Technologists are experimenting with alternative ways to achieve the same consensus between the computers that power bitcoin, a protocol called proof of stake. There are various techniques being tried, including voting systems, which should use less power.

■ Bitcoin cash

A faction within the online bitcoin community believed bitcoin should still act as cash, moving more freely between users rather than becoming an asset that people expected would gain in value. They split off the bitcoin blockchain, creating a new digital currency called bitcoin cash. It is important to note that even though blockchains are designed so that transactions are impossible to duplicate, the protocol which underlies the chain can be replicated so that two chains with the same structure run in parallel.

■ Ethereum

The most important evolution of blockchain after bitcoin came from a then 19-year-old Canadian-Russian computer science student, Vitalik Buterin. He proposed a way to make a blockchain system more useful than simply moving value from one place to another. Mr Buterin showed that programmers could code functions into the blocks, often referred to as smart contracts. That meant you could build decentralised applications, or “dapps”, opening up the blockchain to a host of other possibilities. Games have become popular dapps. CryptoKitties, a game that allows you to collect, breed and trade virtual cats, is the most famous.

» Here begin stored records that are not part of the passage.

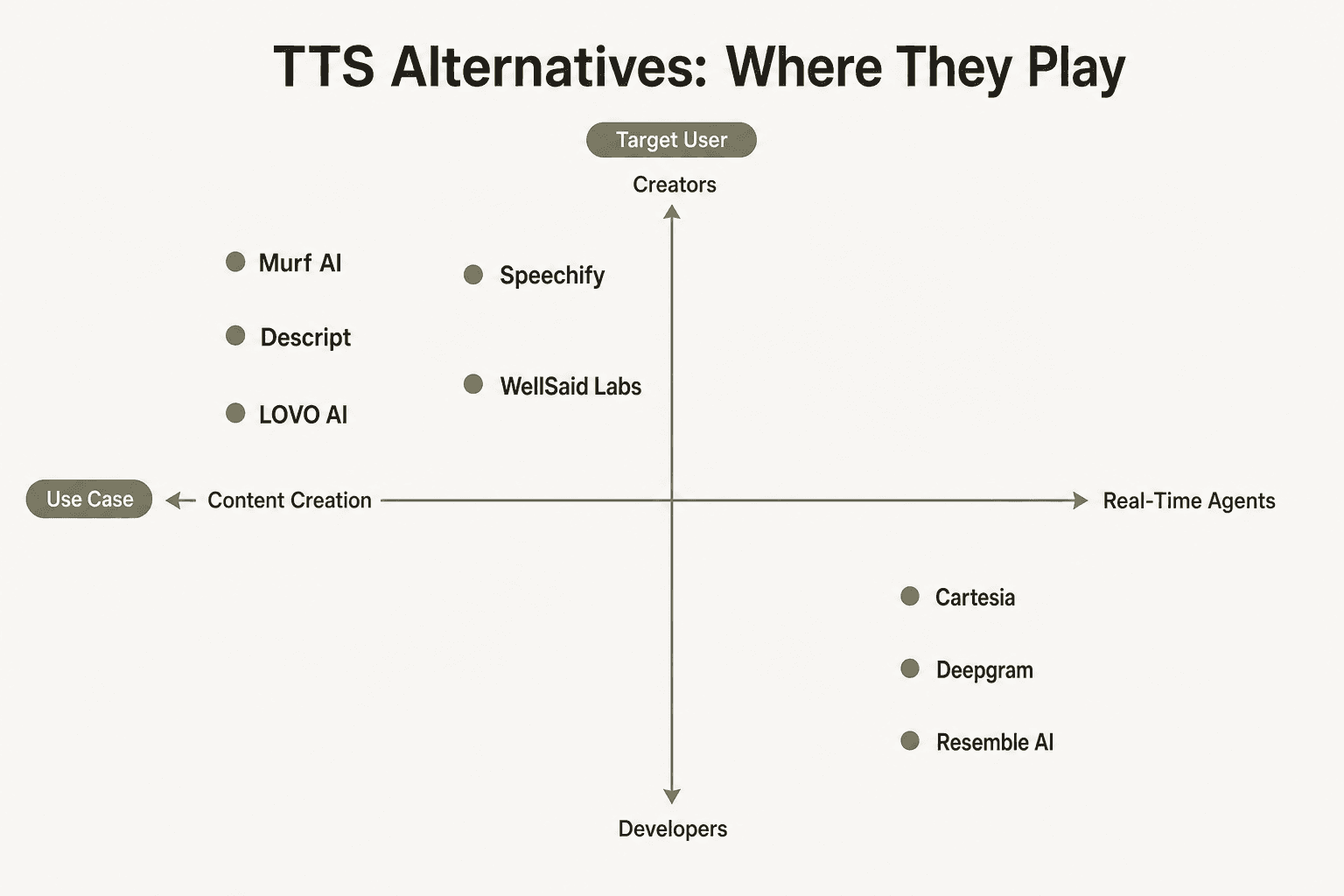 Positioning map of ElevenLabs alternatives across content creation vs real-time agent use cases, from creator-focused to developer-focused tools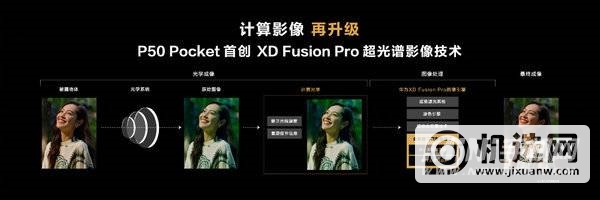 华为P50Pocket后置镜头怎么样-具体参数是什么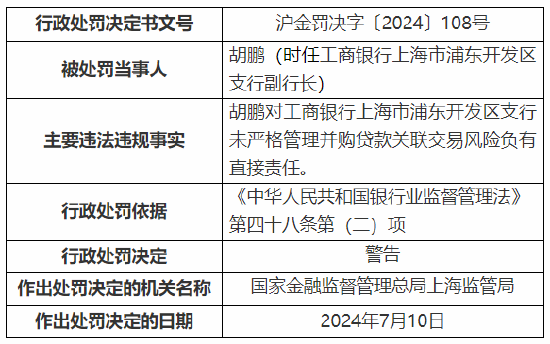 工行上海市分行收监管两张罚单 总计被罚1390万元！  第13张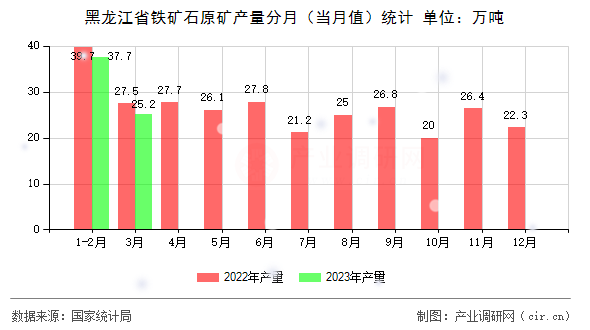 黑龍江省鐵礦石原礦產(chǎn)量分月（當(dāng)月值）統(tǒng)計(jì)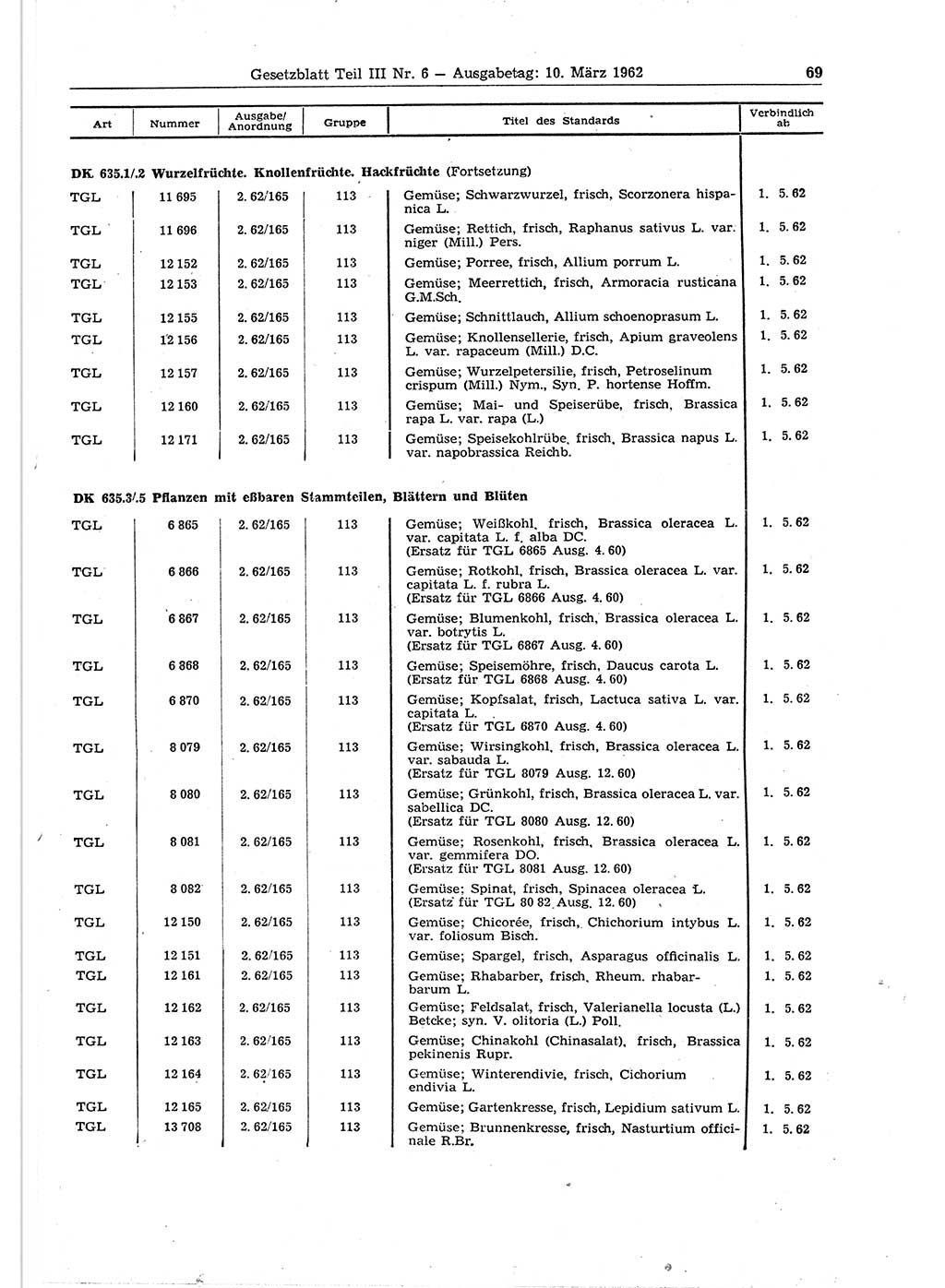 Gesetzblatt (GBl.) der Deutschen Demokratischen Republik (DDR) Teil ⅠⅠⅠ 1962, Seite 69 (GBl. DDR ⅠⅠⅠ 1962, S. 69)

However, there are relatively few applications that actually work yet and, like bitcoin, Ethereum’s blockchain is also liable to getting clogged up with transactions. Ethereum underpins many of the blockchain projects that sprung up last year. It allowed hundreds of new digital tokens to be produced — EOS, for example, has just raised $4bn in a token sale — creating a proliferation of cryptocurrencies that some traders have used as vehicles for speculation.

■ Not so anonymous

Bitcoin gained a cult following of people who wanted to transfer cash to each other outside of the traditional money systems — sometimes because they valued privacy, at other times for illegal activities, such as buying drugs. While bitcoin is often referred to as anonymous because IP addresses are not connected to names, law enforcement bodies have identified drugs traffickers and other sellers of illegal goods by uncovering their bitcoin wallets and using the public record to track their transactions.

■ Public or private?

Until recently, decentralised blockchain projects were generally open source, with developers collaborating on the public blockchains without necessarily being backed by a company. Now enterprises, which are by their nature centralised organisations, are increasingly interested in using blockchains.

In contrast to the rebellious, decentralised spirit behind bitcoin, with these new blockchains companies are in control and reap most of the profits.

■ Living up to the hype

But as businesses from banking to shipping are experimenting with their own purpose-built blockchains, there is deep scepticism over whether the technology can live up to the hype. Blockchain has proved difficult to scale and its use by corporations contains an inherent contradiction: blockchain was developed to be decentralised — without that, it becomes simply a less efficient database.